- _Aim of the task_
Extract the lines from the first one in the records below through the line containing "Shima Tamura", keeping both ends and leaving out any pictures.

= = = =

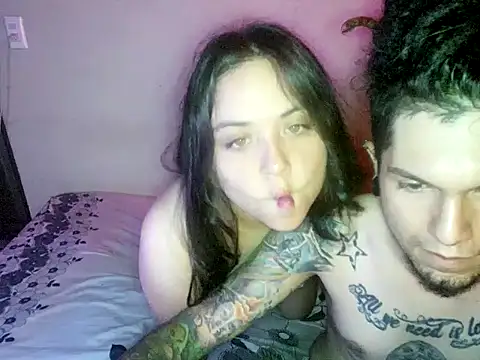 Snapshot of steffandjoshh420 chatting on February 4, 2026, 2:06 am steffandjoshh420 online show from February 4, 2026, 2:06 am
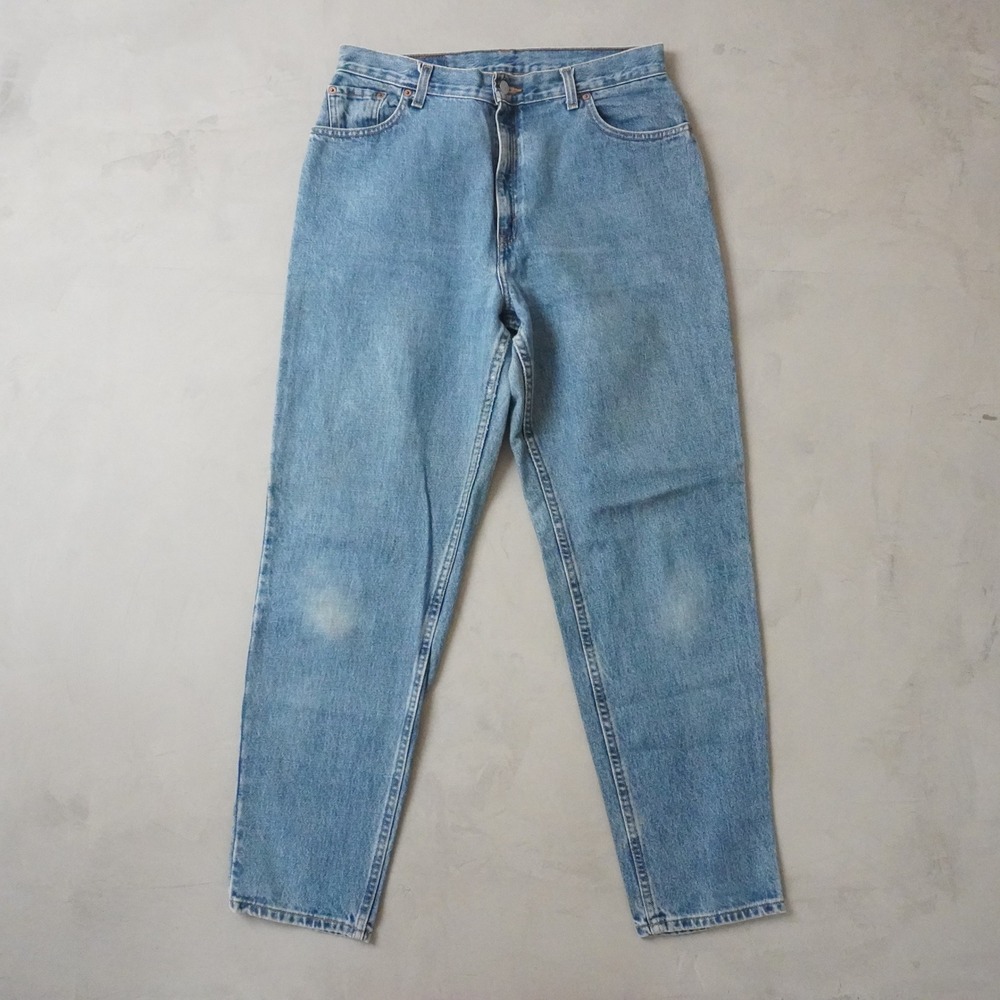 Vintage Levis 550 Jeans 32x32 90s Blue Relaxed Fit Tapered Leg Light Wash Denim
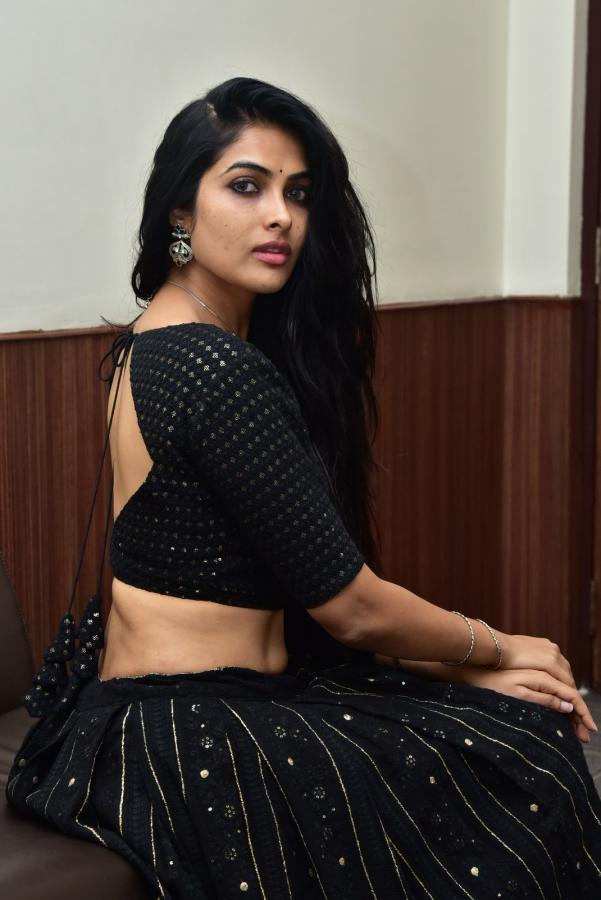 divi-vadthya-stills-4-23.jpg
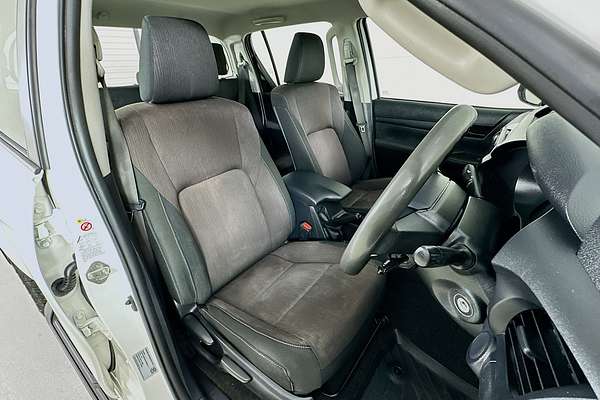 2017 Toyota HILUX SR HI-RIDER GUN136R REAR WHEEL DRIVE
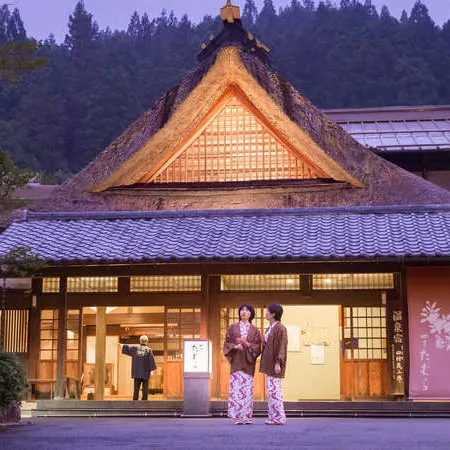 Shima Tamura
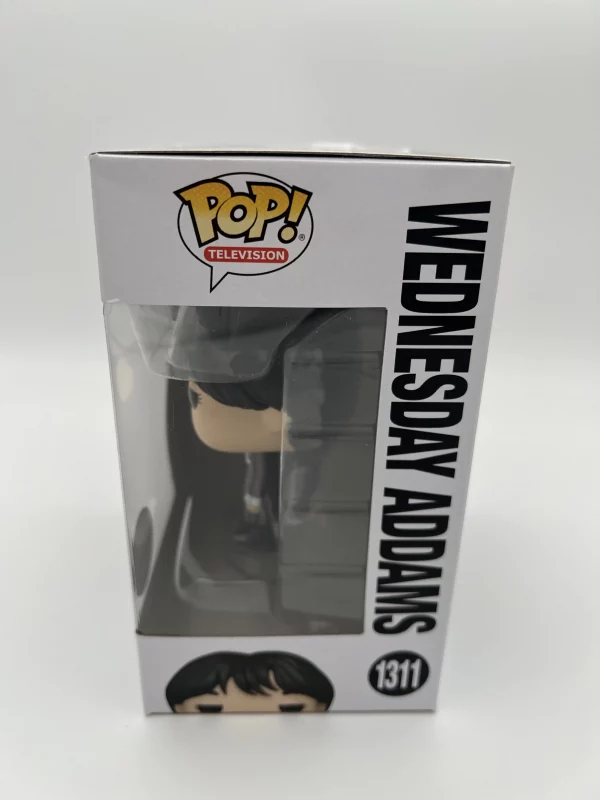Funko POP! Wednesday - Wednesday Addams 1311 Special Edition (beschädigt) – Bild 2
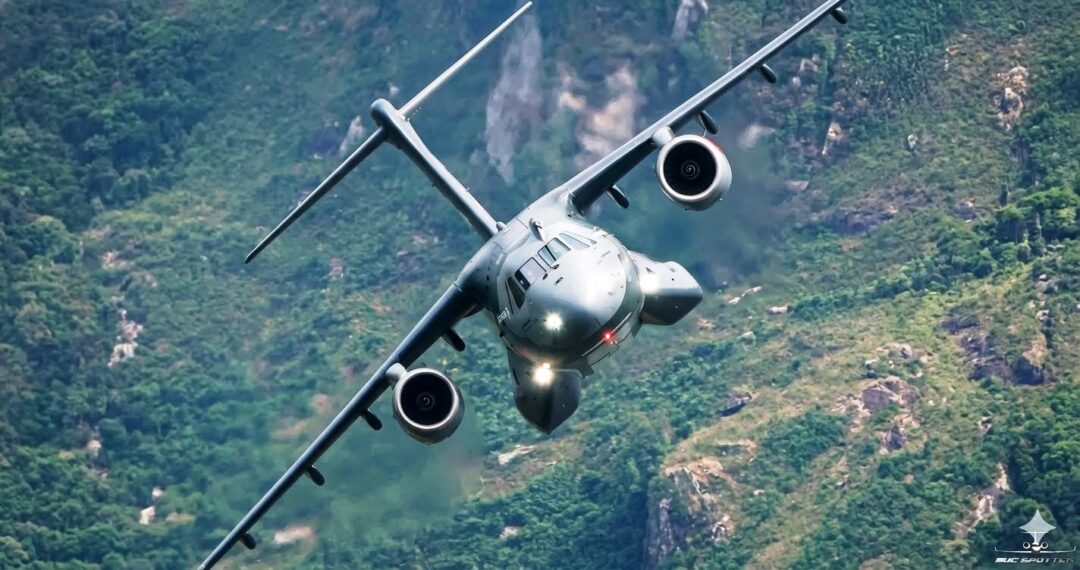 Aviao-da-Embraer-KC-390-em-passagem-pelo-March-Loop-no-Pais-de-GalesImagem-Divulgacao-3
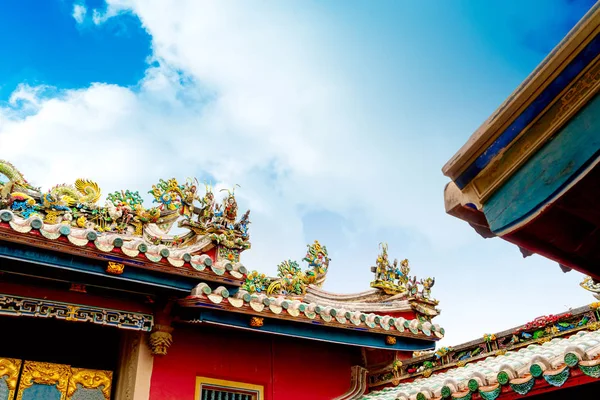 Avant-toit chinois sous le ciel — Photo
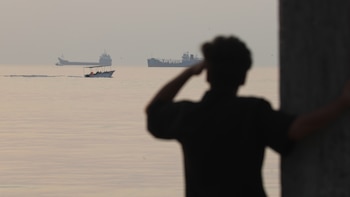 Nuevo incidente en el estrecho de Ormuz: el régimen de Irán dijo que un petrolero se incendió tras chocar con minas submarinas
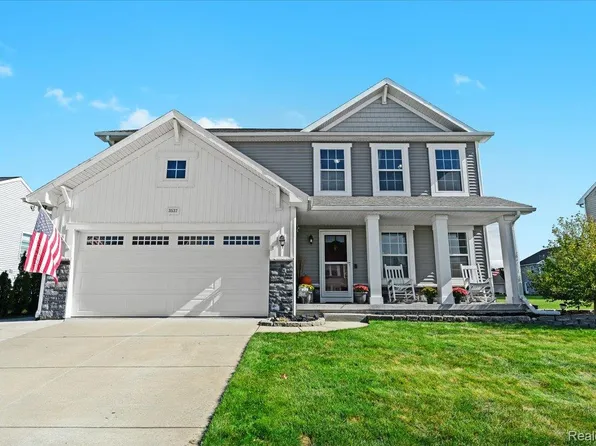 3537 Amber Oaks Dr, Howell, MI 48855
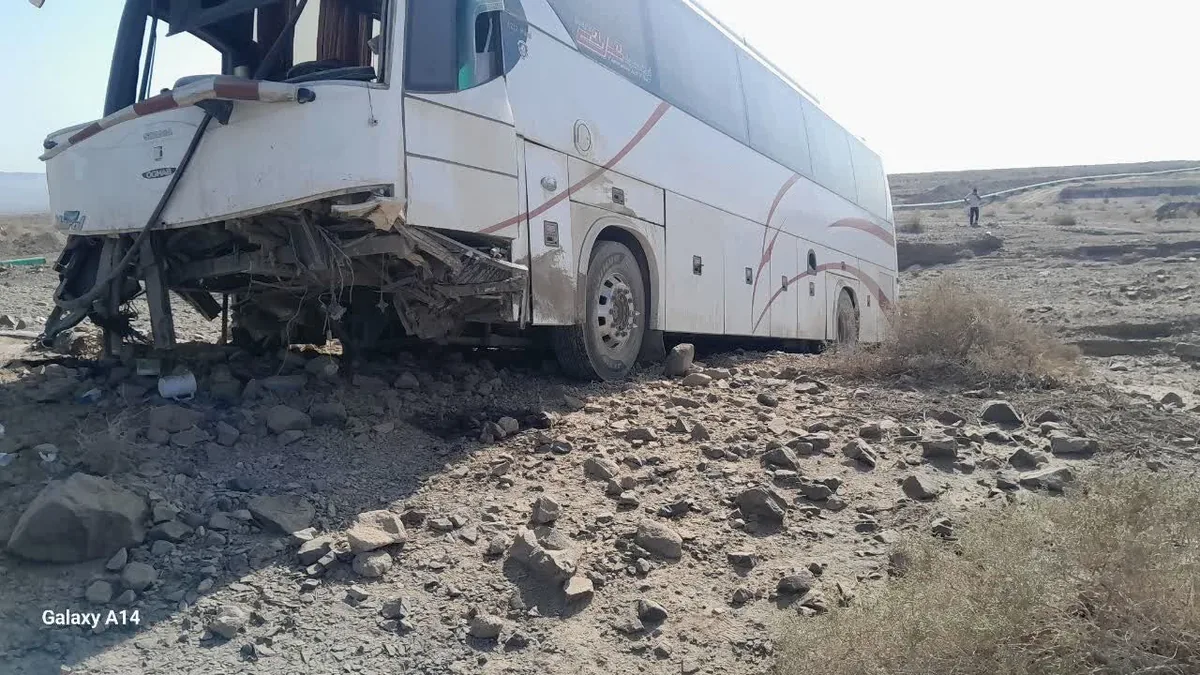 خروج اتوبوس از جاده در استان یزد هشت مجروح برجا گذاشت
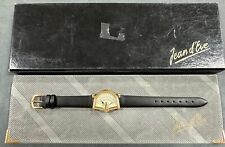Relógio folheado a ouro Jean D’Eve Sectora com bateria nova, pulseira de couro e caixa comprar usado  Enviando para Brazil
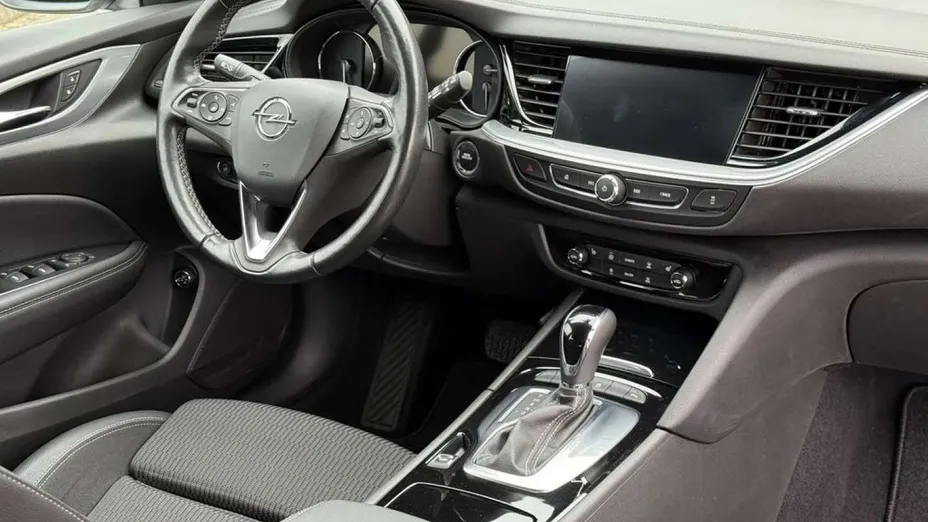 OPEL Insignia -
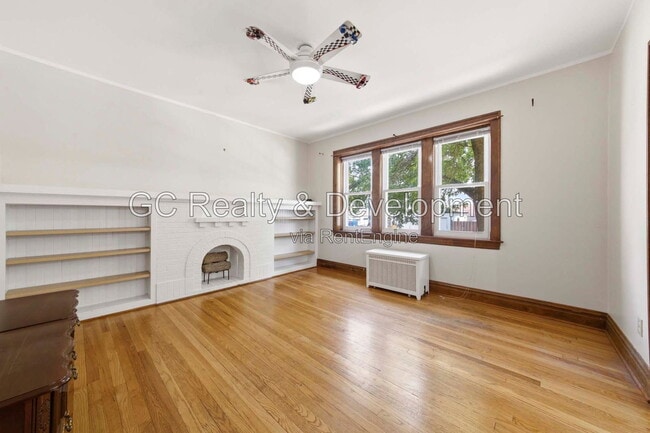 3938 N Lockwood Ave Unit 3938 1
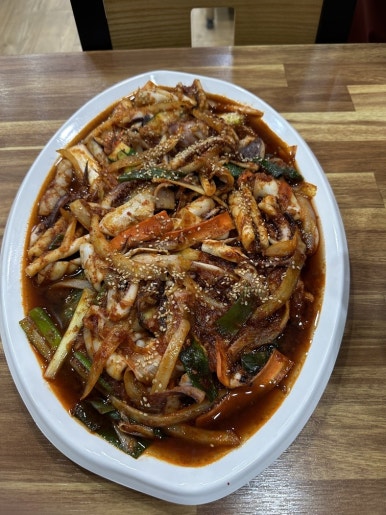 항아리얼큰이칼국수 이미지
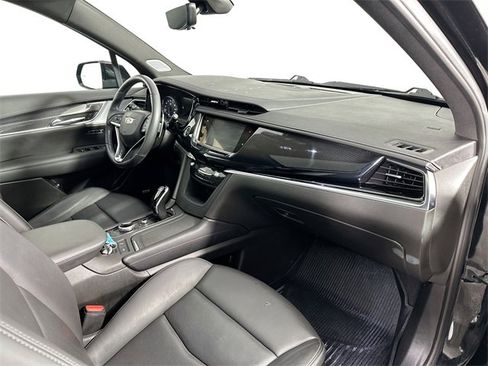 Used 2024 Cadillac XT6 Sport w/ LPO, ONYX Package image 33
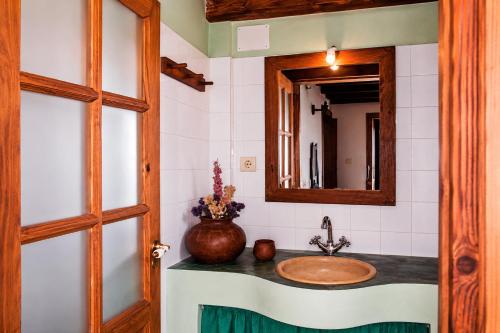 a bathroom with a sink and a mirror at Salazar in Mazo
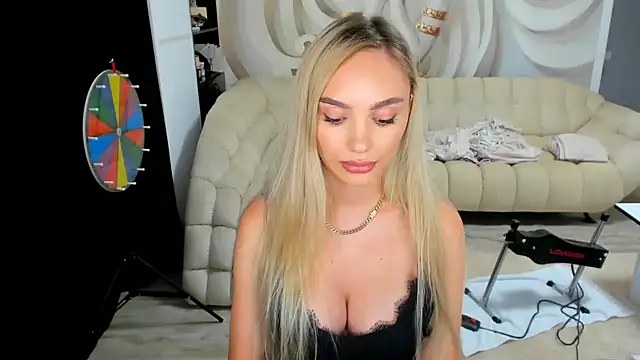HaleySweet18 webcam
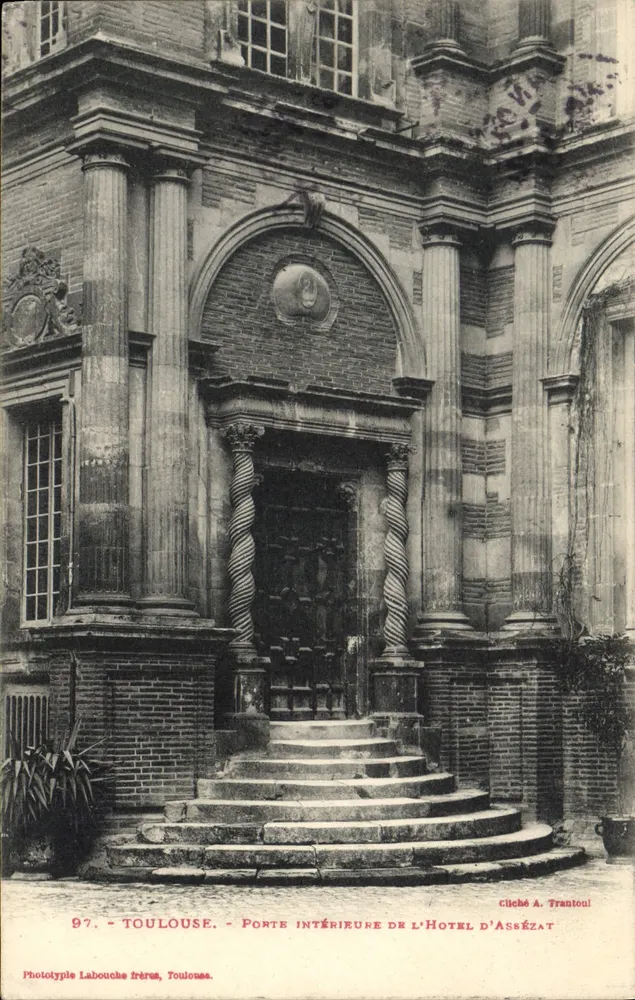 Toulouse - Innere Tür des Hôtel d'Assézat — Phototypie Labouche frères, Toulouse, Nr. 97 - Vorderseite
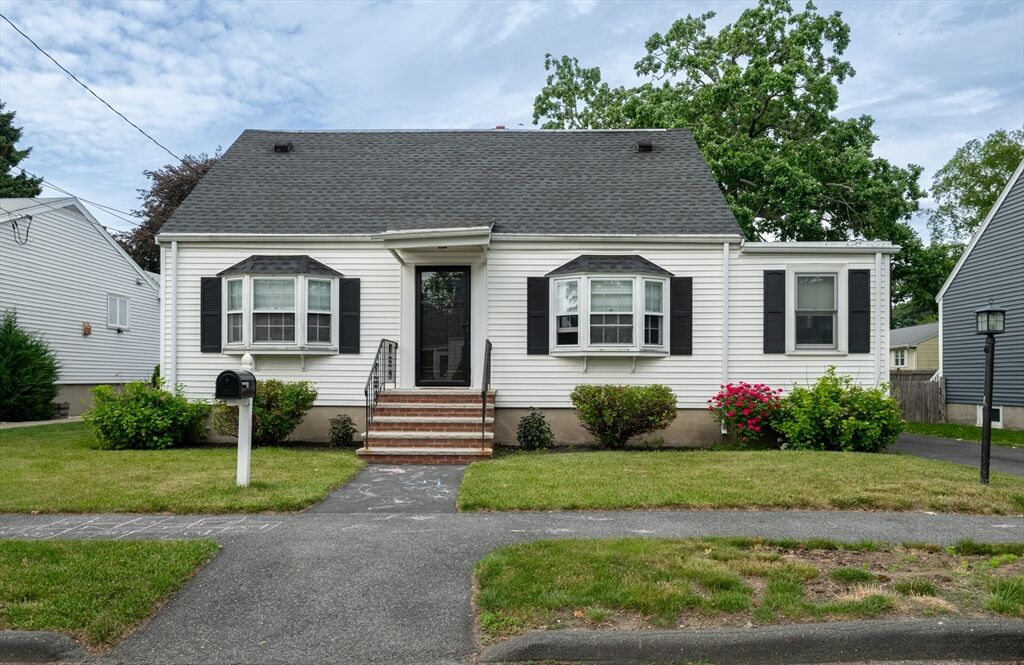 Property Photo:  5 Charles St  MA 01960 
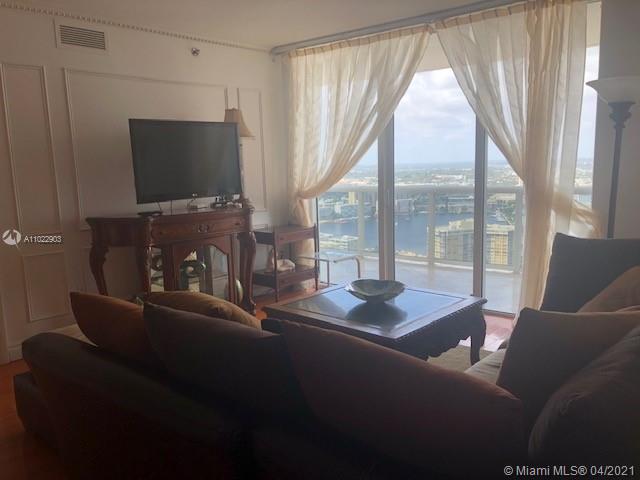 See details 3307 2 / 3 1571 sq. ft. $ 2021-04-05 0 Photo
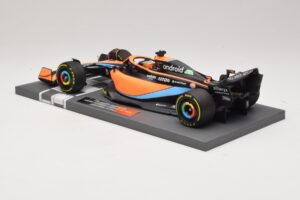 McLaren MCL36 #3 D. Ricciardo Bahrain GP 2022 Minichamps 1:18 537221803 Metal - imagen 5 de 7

= = = =

- _Result of this task_
 Snapshot of steffandjoshh420 chatting on February 4, 2026, 2:06 am steffandjoshh420 online show from February 4, 2026, 2:06 am
 Vintage Levis 550 Jeans 32x32 90s Blue Relaxed Fit Tapered Leg Light Wash Denim
 divi-vadthya-stills-4-23.jpg
 2017 Toyota HILUX SR HI-RIDER GUN136R REAR WHEEL DRIVE
 Shima Tamura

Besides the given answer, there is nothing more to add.